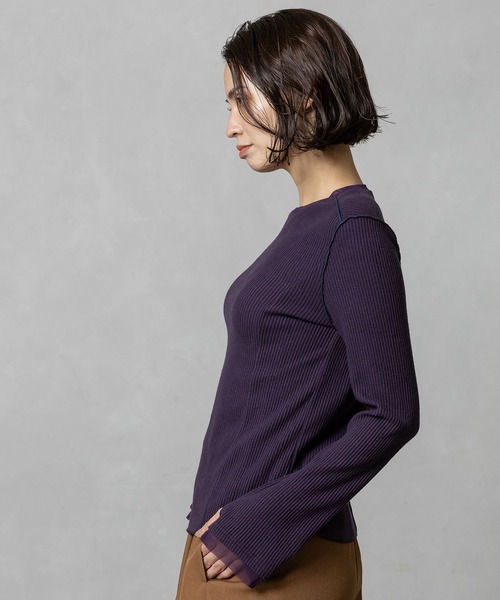 MARECHAL TERRE（マルシャルテル） tシャツ リブインナーチュール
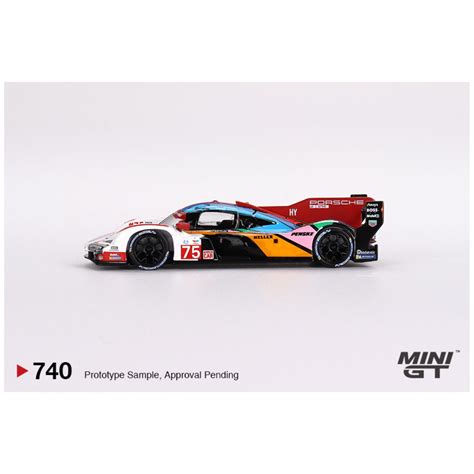 Mini GT #740: Porsche 963 #75 Porsche Penske Motorsport 2023 24 Hrs of ...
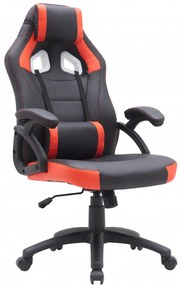 X-Style Combat 4.2 LED Gamer szék Black-Red N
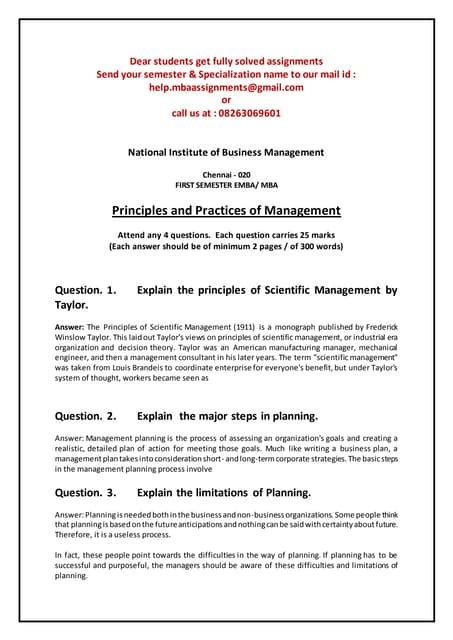Image result for Introduction of Management Principles and Practices
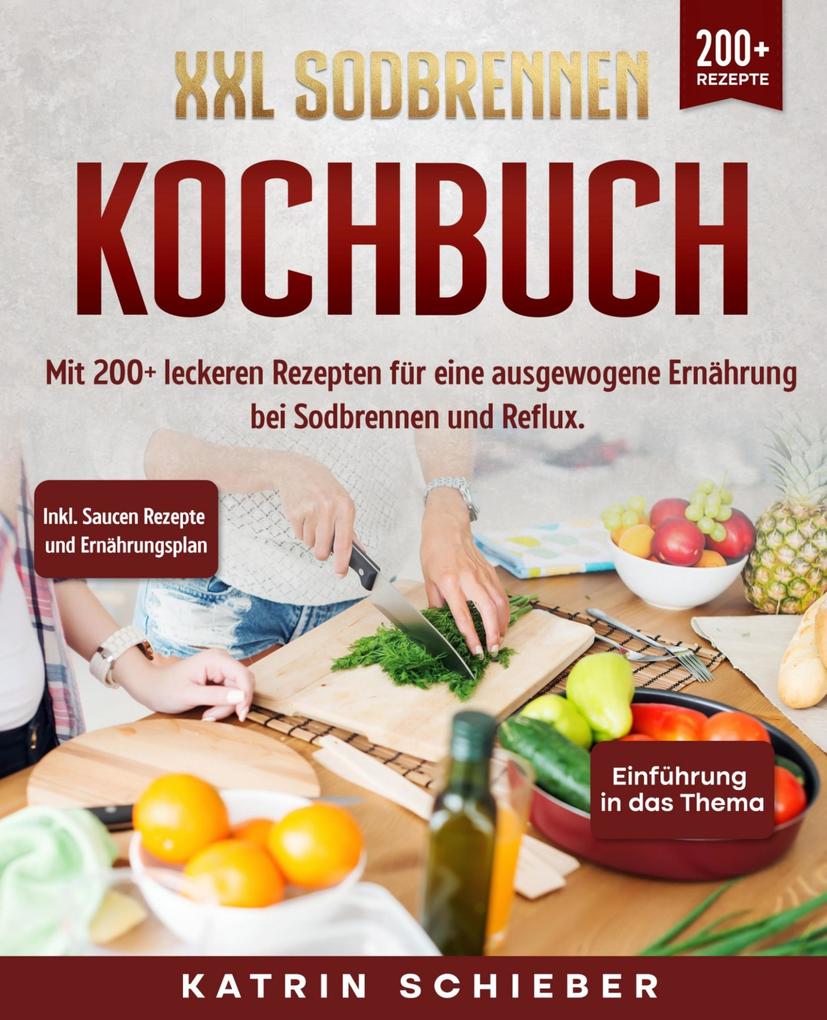 Produktbild: XXL Sodbrennen Kochbuch | Katrin Schieber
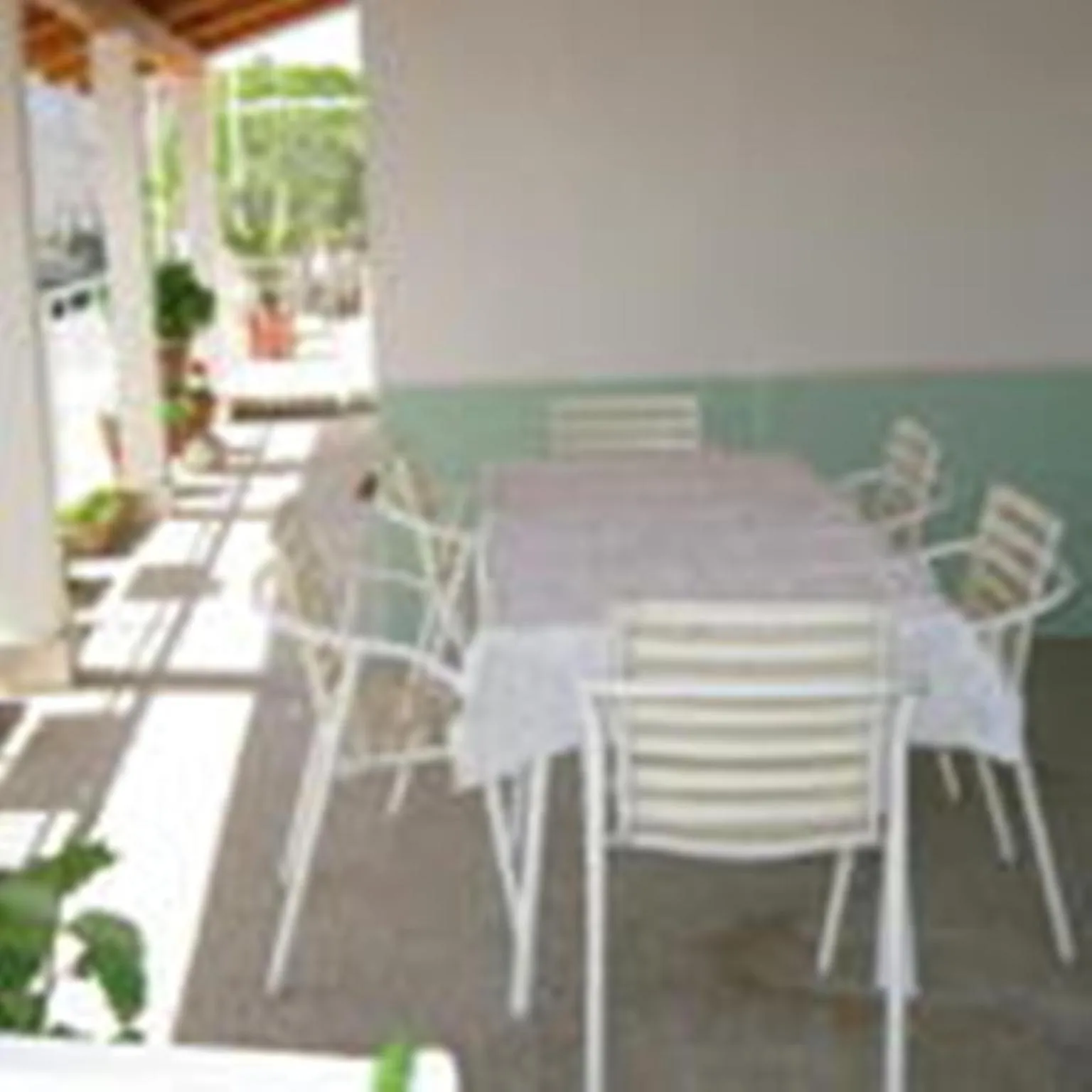 Balcony/Terrace in Vila Angela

• **WHAT IS NEEDED**
No pictures, please. Output the listing above exactly as it stands.

• **RESULT OF THE TASK**
 MARECHAL TERRE（マルシャルテル） tシャツ リブインナーチュール
 Mini GT #740: Porsche 963 #75 Porsche Penske Motorsport 2023 24 Hrs of ...
 X-Style Combat 4.2 LED Gamer szék Black-Red N
Image result for Introduction of Management Principles and Practices
 Produktbild: XXL Sodbrennen Kochbuch | Katrin Schieber
 Balcony/Terrace in Vila Angela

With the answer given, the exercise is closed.